La miel de barrio endulza València

El Observatorio del Árbol puso en marcha un colmenar municipal hace seis años, cuando las abejas comenzaron a llegar a València procedentes del campo. Ahora las han distribuido por cinco barrios y ya han superado en población a las personas que habitan la ciudad. Aunque su objetivo no es la producción, envasan el excedente de miel y lo regalan

| 13/04/2022 | 10 min, 16 seg

VALÈNCIA.- Desde la azotea del edificio donde está instalado el Observatorio Municipal del Árbol de València, en Viveros, se observa a unos operarios desmontar a toda velocidad un escenario de mecanotubo. Da cierto vértigo verlos allá arriba, tan elevados, sin más soporte que unos tubos de hierro, en un día tan ventoso que los árboles se agitan alrededor por la ventolera incómoda de esta mañana. Y en esa cubierta del edificio, a buen recaudo de esas rachas de aire tan violentas, se esconden en unas cajas decenas de miles de abejas. Encarni Benito, una joven apicultora de la institución, calcula que habrá cerca de 280.000. Ahí están, sin que las cientos de personas que cada día pasean a sus chuchos por los Jardines del Real, corren o se besuquean en un banco, se den cuenta de que están rodeadas de antófilos que viven en el edificio del Observatorio del Árbol o en el del vecino Museo de Ciencias Naturales. 

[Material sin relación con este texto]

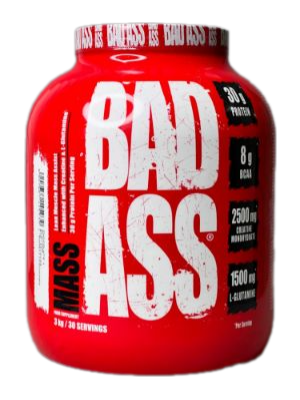 مس گینر بد اس 3 کیلویی Bad Ass Mass Gainer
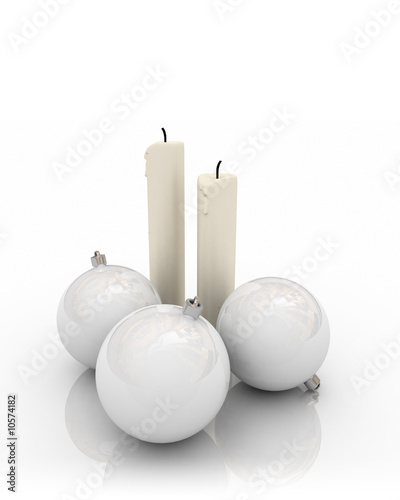 Candele di Natale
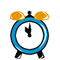 Alarm Clock - Bezmaksas animēts GIF animēts GIF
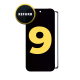 OLED and Digitizer Assembly for Google Pixel 9 (with Fringerprint Sensor) (with Frame) (Refurbished)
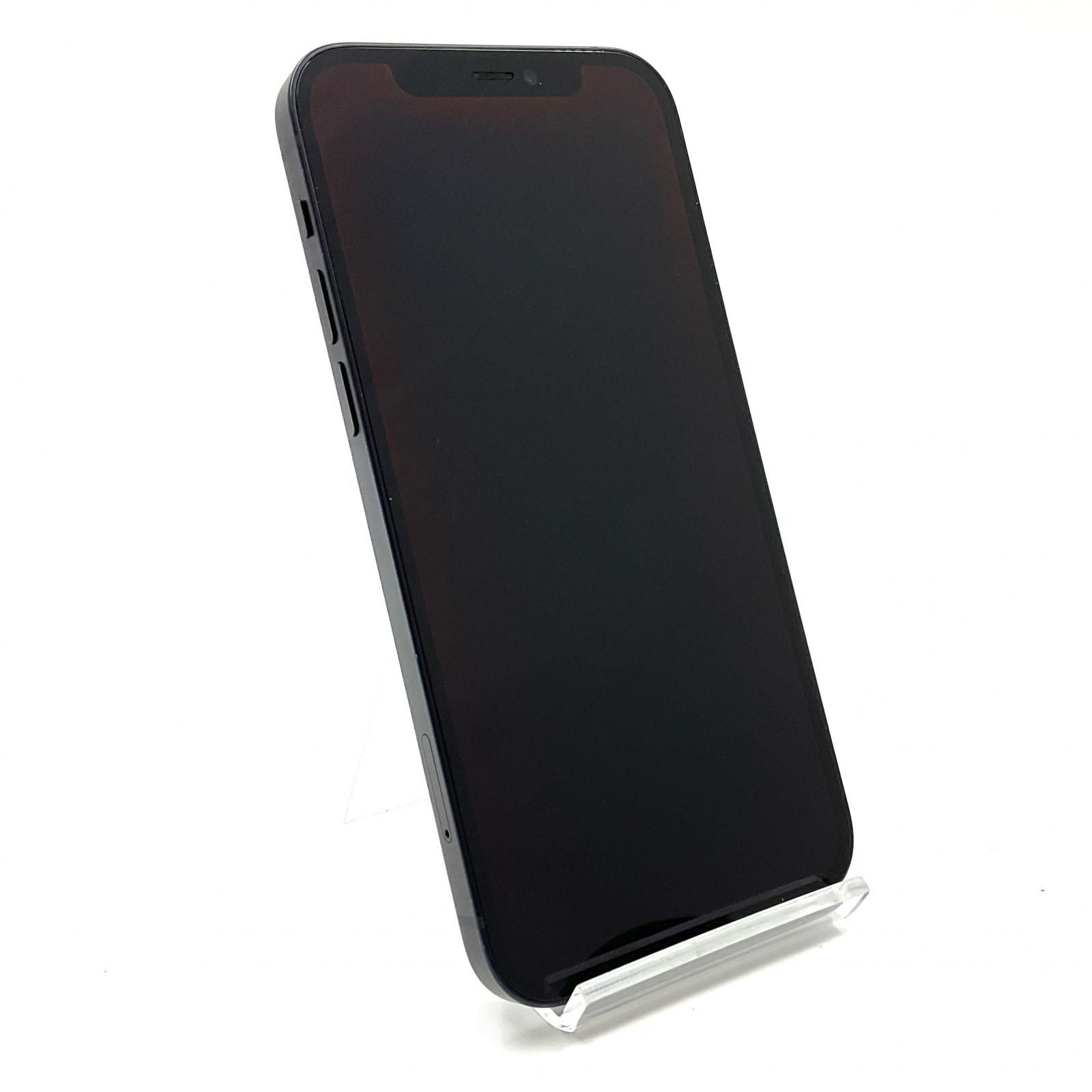 iPhone 12 128GB ブラック Softbank 白ロム 動作確認済 79%【全額返金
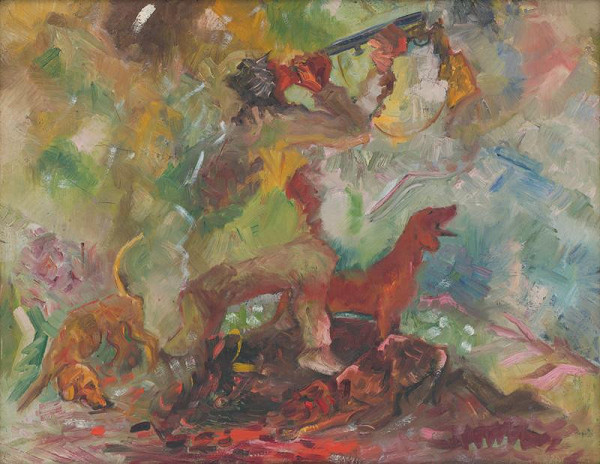 Arnold Peter Weisz-Kubínčan – Poľovník 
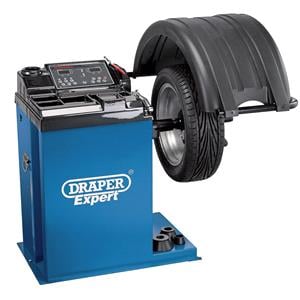 Wheel Balancer, Draper 91860 Semi Automatic Wheel Balancer, Draper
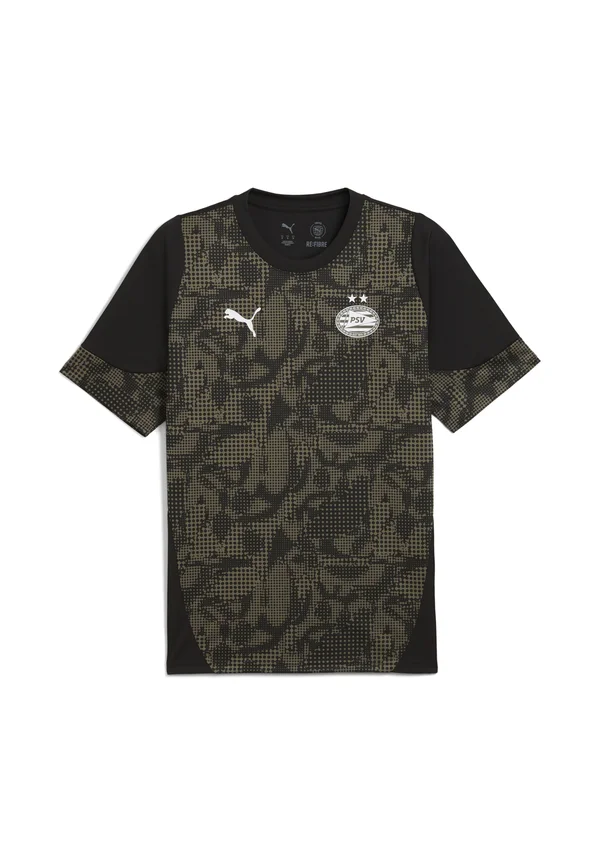 PSV EINDHOVEN - Fußball-Trikot - black-loden green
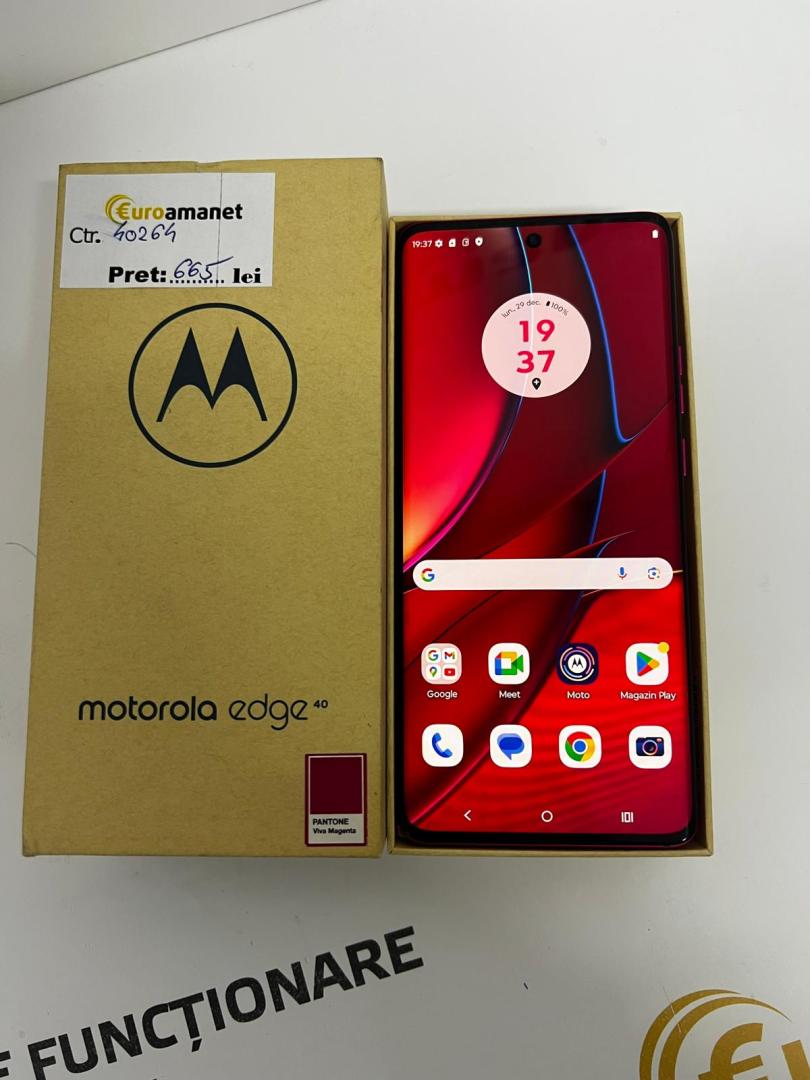 Telefon mobil Motorola Edge 40, Dual SIM, 8GB RAM, 256GB image 3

Esas siete colmenas son parte de un proyecto municipal pionero en España. Una iniciativa que pretende llevar las abejas a cada barrio de la ciudad. De momento solo alcanzan a cinco barrios porque no ha sido fácil ponerlo en marcha. Los urbanitas entran en pánico cuando ven una abeja porque piensan que les va a picar, cuando, en realidad, solo lo hará si se le molesta. Pero los urbanitas son mayoría en las ciudades. Y votan. Así que no resulta sencillo convencer a los políticos de hacer algo que, de entrada, podría incomodar a sus votantes.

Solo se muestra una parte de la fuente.